Solving Linear Equations Quizzes
Visual overview of Solving Linear Equations.
Introduction
Solving linear equations means finding the value of the variable that makes the equation true. A linear equation has highest power 1 and appears everywhere in GCSE Maths and real life (costs, distances, scaling). Mastering the balance method and inverse operations lets you solve accurately and quickly.
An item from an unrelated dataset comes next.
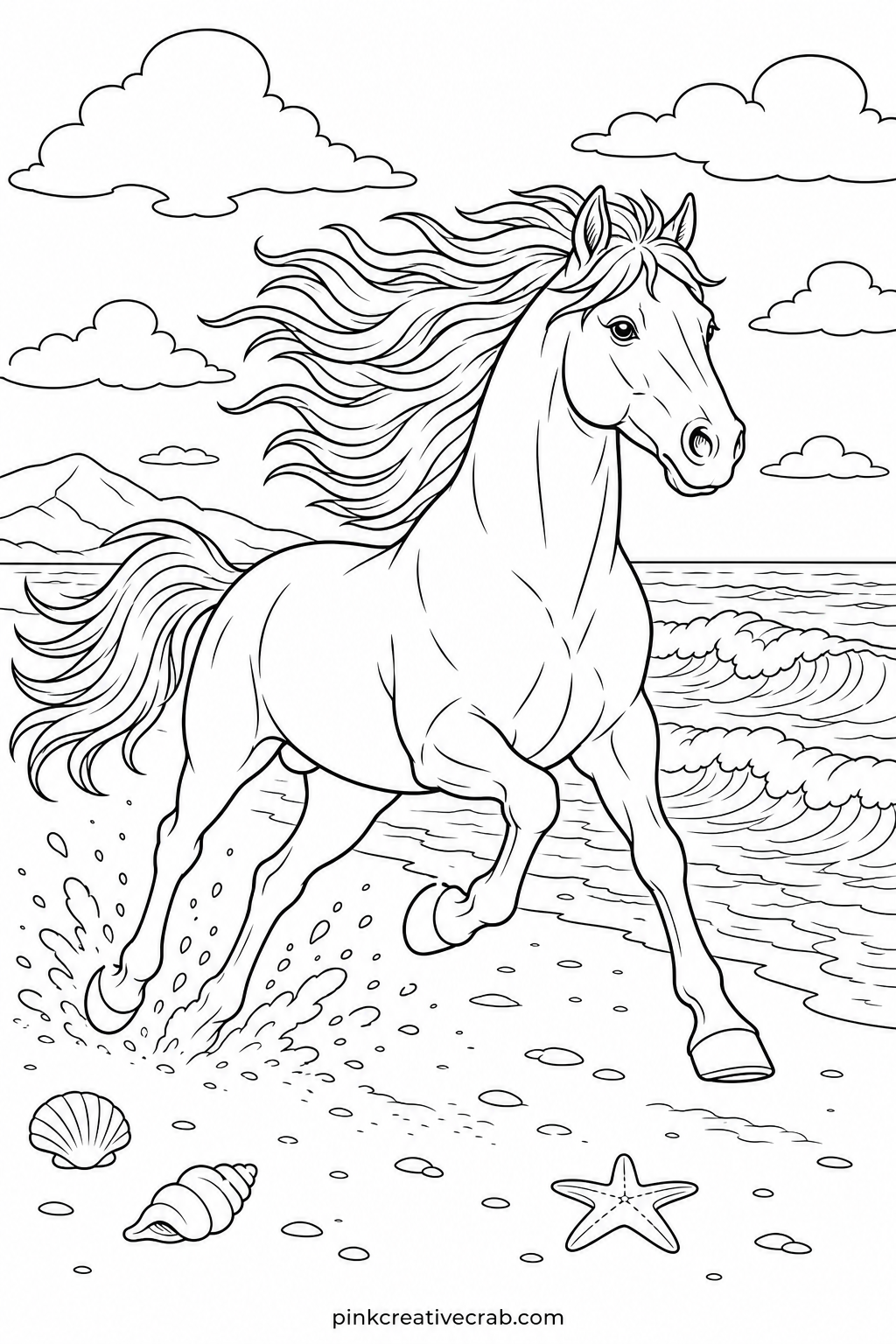 Mustang Running On Beach printable page — Pair this page with the next one, since both show a horse mid-gallop and coloring them side by side lets a child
Example: \(2x+5=13 \Rightarrow x=4\).
Core Concepts
What is a Linear Equation?
General form: \(ax+b=c\) with \(a\neq0\).
- \(x\) is the variable; \(a,b,c\) are constants.
- The graph is a straight line.
Solving Principles
- Isolate the variable on one side.
- Use inverse operations (undo + with −, × with ÷).
- Balance: whatever you do to one side, do to the other.
Inverse Operations
- Addition ↔ Subtraction
- Multiplication ↔ Division
Use them to move terms and isolate \(x\).
One-Step Equations
- \(x+5=12 \Rightarrow x=12-5=7\)
- \(3x=15 \Rightarrow x=15\div3=5\)
- \(x-4=9 \Rightarrow x=9+4=13\)
Two-Step Equations
- \(2x+3=11\) → subtract 3: \(2x=8\) → divide by 2: \(x=4\)
- \(5x-7=18\) → add 7: \(5x=25\) → divide by 5: \(x=5\)
Variables on Both Sides
Example
- \(3x+5=2x+9\)
- Subtract \(2x\): \(x+5=9\)
- Subtract 5: \(x=4\)
Equations with Brackets
Expand first, then solve.
- \(2(x+3)=14\) → \(2x+6=14\) → \(2x=8\) → \(x=4\)
Fractions and Decimals
Clear fractions/decimals early to reduce errors.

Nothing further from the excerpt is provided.